Tuesday, September 2nd, 2008 - 17:36
The Republican Convention is underway and while there are many caught up in the hoopla and breathing a sigh of relief over how New Orleans received only a glancing blow from Hurricane Gustav, the question of how Senator John McCain would govern...
The Republican Convention is underway and while there are many caught up in the hoopla and breathing a sigh of relief over how New Orleans received only a glancing blow from Hurricane Gustav, the question of how Senator John McCain would govern is being explored.
As of the time of the convention, he has laid out a series of proposals and made a number of statements that provide an outline. Government Executive magazine has devoted its cover story this month to Senator McCain’s possible priorities in managing the government. His campaign website also has several specific statements, and his interview last month with the Washington Post’s Joe Davidson provides additional insights.
Government Executive’s article observes that “McCain’s penchant for reform likely would influence his management style.” Interviews with several observers conclude that he would likely turn away from the use of checklists and scorecards, which are prevalent under President Bush’s management approach. His top economic policy advisor, Douglas Holtz-Eakin, says that McCain’s promise to conduct a top-to-bottom review of all federal programs would be conducted in 6-8 months and be built off of OMB’s existing Program Assessment Rating Tool.
Ethics and Transparency
Like Senator Obama, Senator McCain offers a series of commitments related to ethics and transparency. These include:
Seal the Pork Barrel. Senator McCain says he “would shine the disinfecting light of public scrutiny on those who abuse the public purse,” and exercise the veto pen.
Stop the Revolving Door and Restore Ethics. Senator McCain will promote “greater transparency regarding the official activities of lobbyists,” and fight the “revolving door” when officials leave their posts and become lobbyists.
Campaign Finance Reform. Senator McCain wants to enforce prohibitions on corporate and union political contributions, set sensible limits, and foster greater disclosure of how campaigns are funded.

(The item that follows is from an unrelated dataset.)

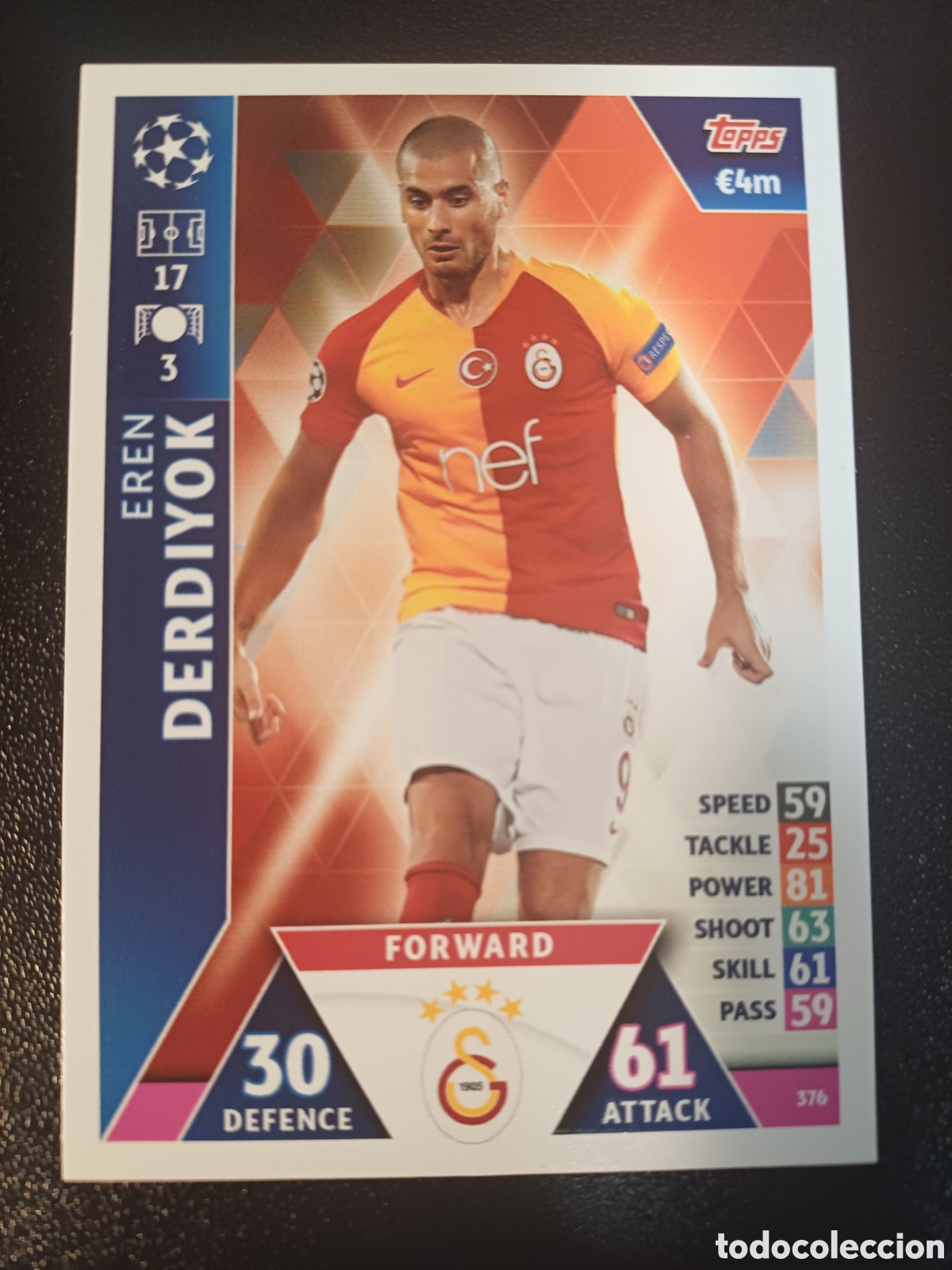 Trading Cards: #376 EREN DERDIYOK GALATASARAY AS TOPPS MATCH ATTAX 2018/19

Senator McCain says he would institute “comprehensive spending controls” starting with a “one-year spending pause. Freeze non-defense, non-veterans discretionary spending for a year and use those savings for deficit reduction. A one-year pause in the growth of discretionary spending will be imposed to allow for a comprehensive review of all spending programs. After the completion of a comprehensive review of all programs, projects and activities of the federal government, we will propose a plan to modernize, streamline, consolidate, reprioritize and, where needed, terminate individual programs.”
He also vows to “take back earmark funds. The McCain Administration will reclaim billions of add-on spending from earmarks and add-ons in FY 2007 and 2008.”
Other Management Issues
In the Q-and-A interview with reporter Joe Davidson, of the Washington Post, Senator McCain offered several specifics:
Civil Service. "The civil service has strayed from its reformist roots and has mutated into a no-accountability zone, where employment is treated as an entitlement, good performance as an option, and accountability as someone else's problem. Our current system isn't fair to the many good federal workers who do not receive recognition for commitment and excellence and must pick up the slack of those who aren't doing their jobs. We must identify excellence in civil service, reward and reward it appropriately."

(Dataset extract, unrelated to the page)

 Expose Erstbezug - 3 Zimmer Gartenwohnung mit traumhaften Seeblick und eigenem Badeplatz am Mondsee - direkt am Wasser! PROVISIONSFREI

Contracting Reform. Senator McCain said: “I will expand the use of fixed-price contracts to enforce discipline in the procurement process and ensure that clearly defined requirements are fulfilled, realistic schedules are kept, and costs don't exceed the promised price.”
He went on to say: “We must also limit sole-source contracting and make cost discipline a priority using market competition to keep costs down and innovation up."

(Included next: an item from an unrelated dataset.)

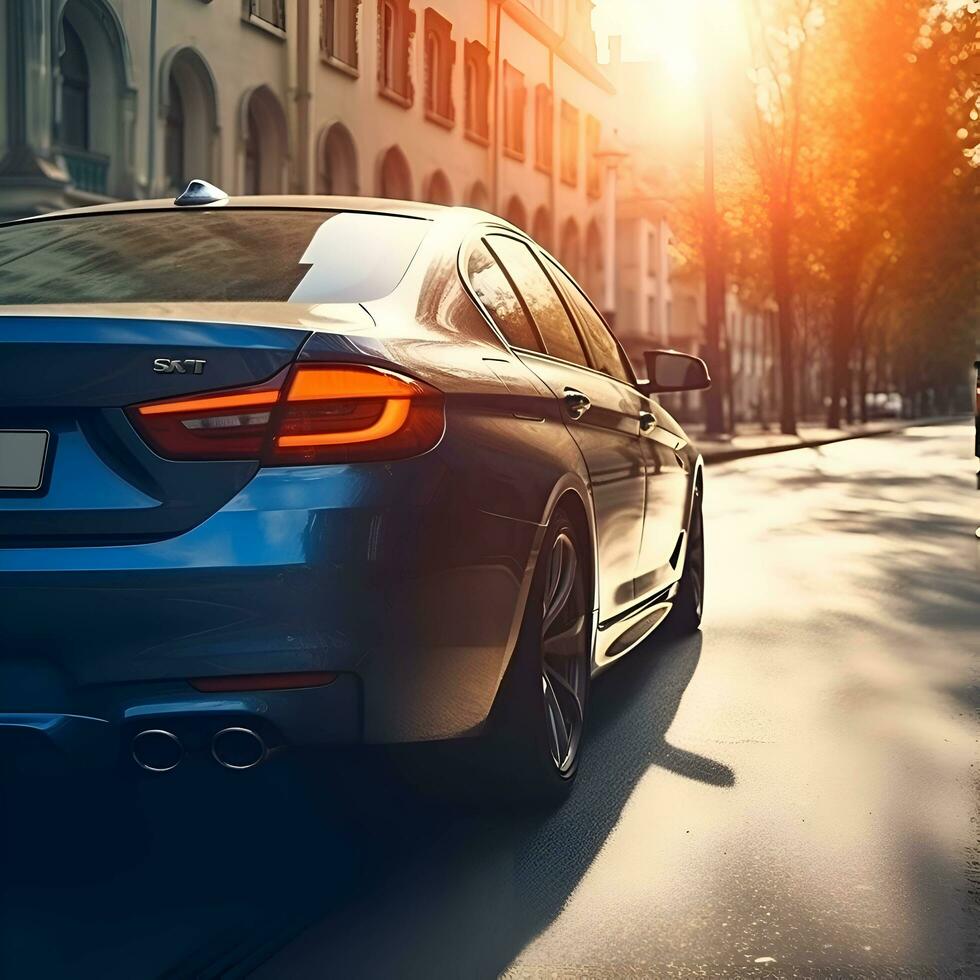 Car on the street in the rays of the setting sun. Side view. photo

Political Appointees. According to the Government Executive article, McCain “has expressed his distaste for the growing number of political appointees in government. . . “ so he may be amenable to calls from outsiders, such as Dr. Paul Light, to reduce the number of political appointees. In his Washington Post interview, McCain added that he would “want to recruit some of them for an executive search leadership group to help my administration find the right people for the right executive jobs. . .”
If you are aware of other management reform commitments, please add to this list! Then we can wait and see what the Wall Street Journal comes up with!